> [Instructions to follow]: Find the line in the entries below that contains "Зуб древней акулы Squalicorax окаменелость". Repeat it exactly, and every line after it through the line that contains "Dog Training Madison County, Alabama".

> [Records for this task]:
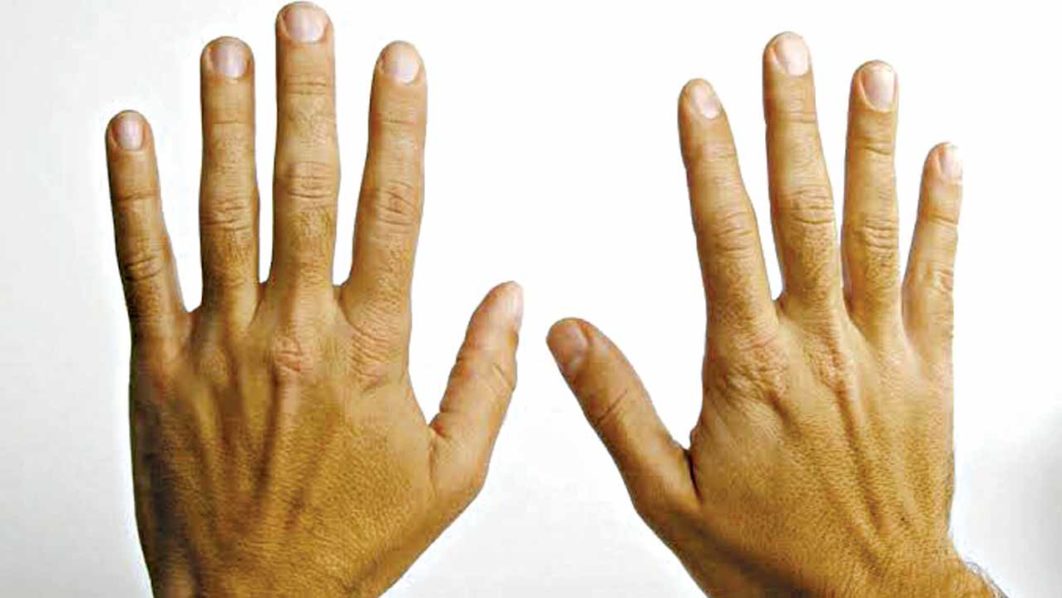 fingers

---

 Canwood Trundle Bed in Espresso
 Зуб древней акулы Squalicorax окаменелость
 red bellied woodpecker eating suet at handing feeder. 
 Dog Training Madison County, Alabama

> [Reply to the exercise]:
 Зуб древней акулы Squalicorax окаменелость
 red bellied woodpecker eating suet at handing feeder. 
 Dog Training Madison County, Alabama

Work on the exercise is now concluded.